We have control-plane stdout, Caddy journal, wg show, the heartbeat timer's logs, and the reconciler's logs. We do not have structured request logs, latency histograms, or per-route counters. The internal observer agent's report flagged this: "no request-level logging visible." Today this is fine. The day we have to debug "why is enrollment slow this hour" with only those tools is going to be a long day.

**Forecast:** we will write JSON access logs to disk under duress, then realize we need rotation, then discover that disk pressure broke the control plane. The right move is to bake structured logging from the start, but Phase 0 deliberately didn't.

---

## An alternative architecture

You asked whether there is a competing design — same goals, no worse on resilience — that we should consider before we get further entrenched. Here is one.

### Stateless gateways with signed admission tickets

The premise: **gateways hold no peer state.** They forward only WireGuard packets that carry a valid signed admission ticket. The control plane mints tickets; gateways verify them statelessly; everything else is the same.

#### How it works

A device, at enrollment time, receives:

1. Its WireGuard private key (browser-generated, as today).
2. A short-lived signed admission ticket: `{ deviceId, allowedTunnelIp, validUntil, signature }` signed by the control plane's admission key.
3. The catalog of front doors, signed by the catalog key.

A gateway, on receiving a WireGuard handshake initiation, has a small extension wrapper: before WireGuard's `Noise IK` runs, the client sends the admission ticket as the first packet. The gateway verifies the signature against the admission public key (which it learned at registration time, never the private key). If valid, the handshake proceeds; the ephemeral state is held only for the lifetime of the session.

When the ticket expires (say, 24 hours), the device fetches a fresh one from the control plane. Failures here are the same shape as a catalog-stale failure: the client knows the path is the issue, retries with a fresh ticket.

#### Why this is interesting

**Gateways become truly disposable.** They have no peer table to keep in sync with the control plane. No reconciler. No path-watcher. No `wg set peer` cascade. A gateway that comes online with the right keys can serve the entire population that holds valid tickets. A gateway that goes away takes nothing with it; the next gateway up serves the same tickets.

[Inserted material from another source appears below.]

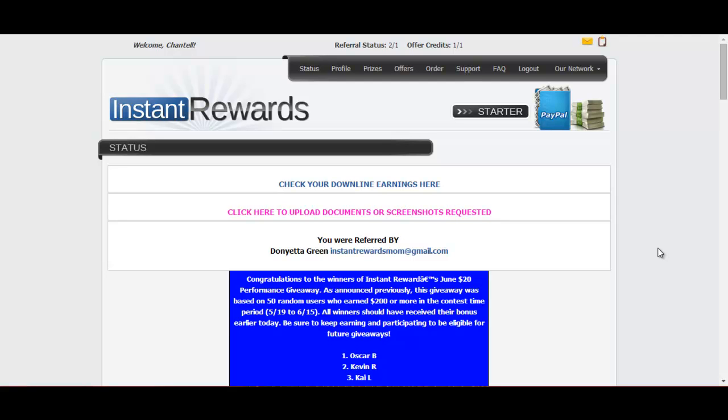Hey, it's Chantelle Leak. We work with Chantelle.com and in this video I will show you guys how to access your profile information with Instant Rewards and update and change anything that you need to change with Instant Rewards.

**The reconciler problem disappears.** Phase 0's biggest moving part — the systemd path-watcher reconciling state.json into wg0 — does not exist. No sudoers grant for `wg set`. No double-fire on rename. No quiet asymmetry between state and wire.

**Multi-control-plane works without coordination.** Two control planes can run independently, both signing tickets with the same admission key (held in a small HSM or shared KMS). Gateways verify either signature; clients fetch from either CP. The only thing requiring coordination is admission key rotation, and that's a known cadence event.

**Compromise blast radius is shorter.** A leaked admission key forces ticket reissuance, but the existing tickets carry an expiry — old keys lose effect on a clock. Today's leaked gateway-API-token is worse: it requires a rotation drill, restarts, and a window in which we have to remove peers manually.

#### What it costs

**One round trip per session re-establishment.** Today, an enrolled device handshakes whenever it likes, indefinitely. With admission tickets, every 24 hours (or whatever validity window) the device has to re-fetch a ticket. This is a network call to the control plane — meaning if the CP is down, sessions still work until tickets expire, but new sessions don't start. Catalogs are still cached, ticket validity is still hours-long, so this is degradation, not failure.

**One additional signature verification per handshake.** Cheap (Ed25519 is fast), but it's not free. At gateway scale, this is microseconds per session.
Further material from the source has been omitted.